December 9, 2021

Beyond Going Long

Complete UK News World

Incredible advances in medicine. Brain transplant restores sight to blind women after 16 years

Contact The human mind with computers It is one of the biggest challenges today. Several scientific teams are working on such technologies, as well as visionaries like Elon Musk, who a year ago presented a prototype of a Neuralink implant in the brain. Obviously, progress in Bioengineering is constantly advancingThis opens up new and new possibilities for us.

An international group of scientists from Miguel Hernandez University in Spain, the Netherlands Institute of Neuroscience and the John A. Moran Eye Center at the University of Utah have also taken up one very demanding bioengineering project. The portal drew attention to the topic BGR.

As the web writes ScienceAlertExperts implanted an optical prosthesis in the brain that “restored sight” to a blind woman after 16 long years. Obviously, the implant allowed the woman to see simple two-dimensional letters and shapes, which can be considered a huge success.

The researchers shared their findings and findings with the public through a study published in the journal Journal of Clinical Investigation. It should also be noted right away that the entire experiment took place in 2018, but scientists have only described the entire experiment in detail now.

The implant allowed the patient to see

The whole story of patient Berne Gomez began in 2003, when she developed toxic optic neuropathy, which quickly destroyed the nerves connecting her eyes to her brain.

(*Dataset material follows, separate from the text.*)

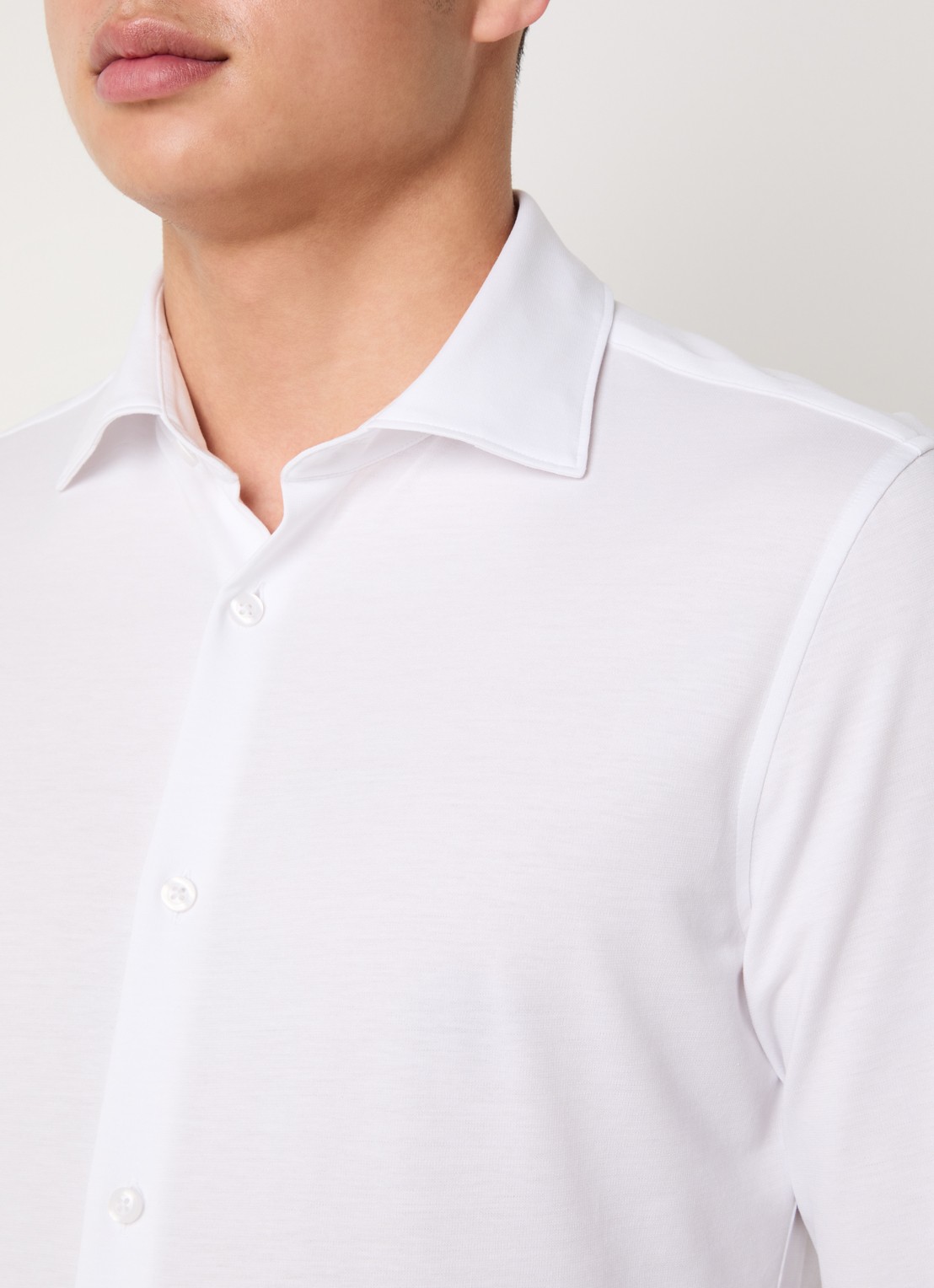 Strellson Powerflex regular fit overhemd met stretch - detail 2 wit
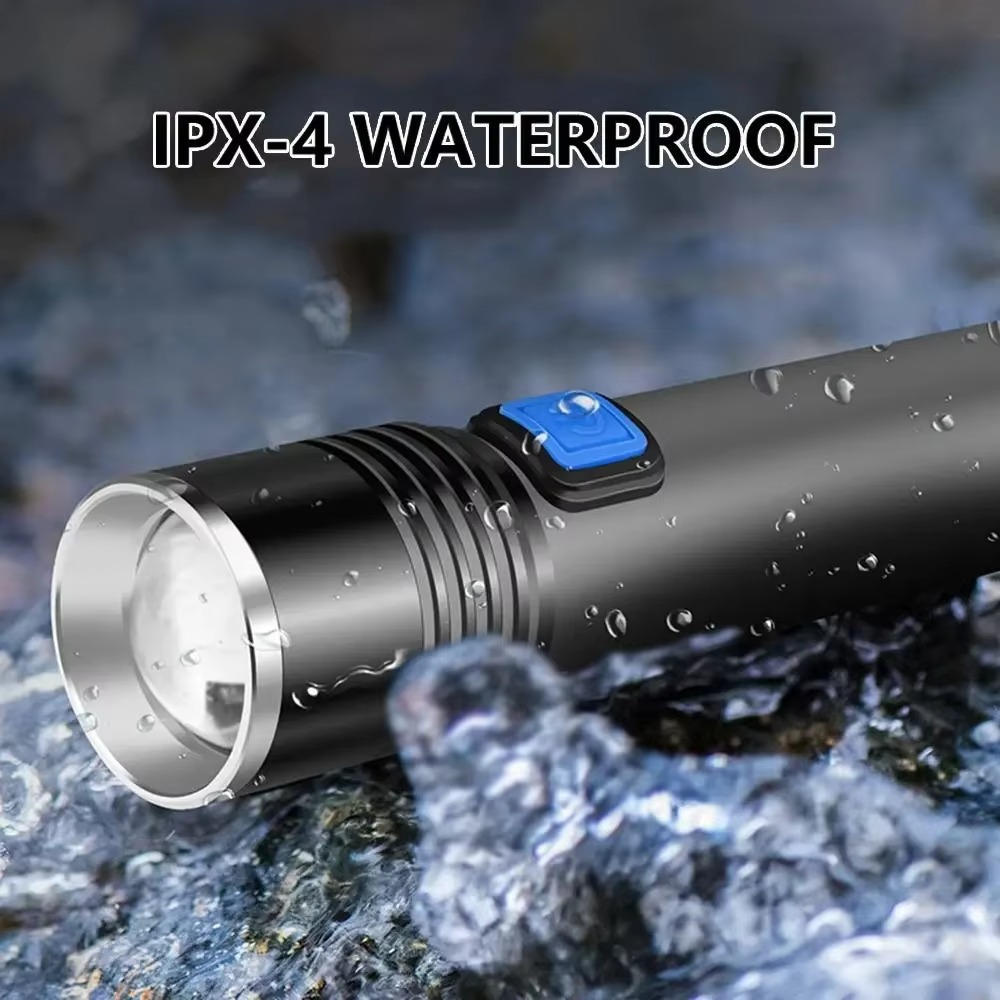 Colverro™ 395 nm UV Black Light Flashlight with Zoom for Pet Stains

John A. Moran Eye Center at the University of Utah

At the age of 57, Gomez volunteered in 2018 as the first person to have miniature electrodes made up of hundreds of tiny needles implanted into the brain’s visual area. More specifically, the electrodes consist of an intracortical microelectrode array of 96 channels. Next, the electrodes in the brain implant stimulated the brain, allowing the woman who had been blind for 16 years to see. The prototype reached dimensions of 4 x 4 mm and was removed again after six months.

See also  The State Land Fund will be led by Moalemuddin Maroosh

The device in question, known as Moran | Artificial Cortivis, unlike retinal implants, completely bypasses the eye and optic nerve and leads directly to the source of visual perception. The entire neurosurgery was performed in Spain. For 6 months, the woman visited the professional laboratory for a full 4 hours a day, during which scientists regularly tested her and performed various tests.

During the first two months, Gomez learned to distinguish between the “spontaneous points of light” he sees here and there in his mind and the points of light generated by direct stimulation. After this period, the woman announced that she “saw” a light spot known as a phosphine (Editor’s note flashes before the eyes – “flies”). It turns out that if more than two electrodes are excited at the same time, Gomez can easily perceive the mentioned optical points. While some stimulation patterns were closely spaced, others resembled horizontal lines.

John A. Center. Moran Eye/University of Utah/Editing

According to experts, it was more difficult to evoke the vertical lines, but at the end of the whole experiment, the woman was said to be able to correctly distinguish between horizontal and vertical patterns. Depending on the intensity of the stimulus, the points of light were brighter or paler.

“The subject stated that the sensations have more elongated shapes as the distance between the stimulus electrodes increases. This indicates that the size and shape of the phosphine is not only a consequence of the number of stimulating electrodes, but also the result of their spatial distribution.” Quotes excerpt from the ScienceAlert portal study.

If up to 16 electrodes were simultaneously stimulated with different patterns, the patient was able to easily recognize the letters I, L, C, V, and O, and to distinguish between uppercase and lowercase O. Although no other letter velocity patterns have yet been detected. Research has shown that the way neurons in the brain are stimulated can help create two-dimensional images. The last part of the experiment is devoted to this part.

See also  Hamilton wins the Brazilian Grand Prix
New glasses helped too

The patient wore special glasses with a built-in miniature video camera, which scanned surrounding objects and stimulated different sets of electrodes in her brain through a prosthesis. Through this cutting edge technology, Gomez was able to distinguish between simple shapes.

as he writes University of Utah On her website, the patient was able to play a simple game in the form of a black and white maze, in which she moved with the help of visual images created by a prosthesis, or to accurately identify the edge of a black bar on a white background.

All indications are that this is a huge scientific achievement that has been accomplished without any negative effects. However, the researchers emphasized that they have many unanswered questions and problems that they need to solve.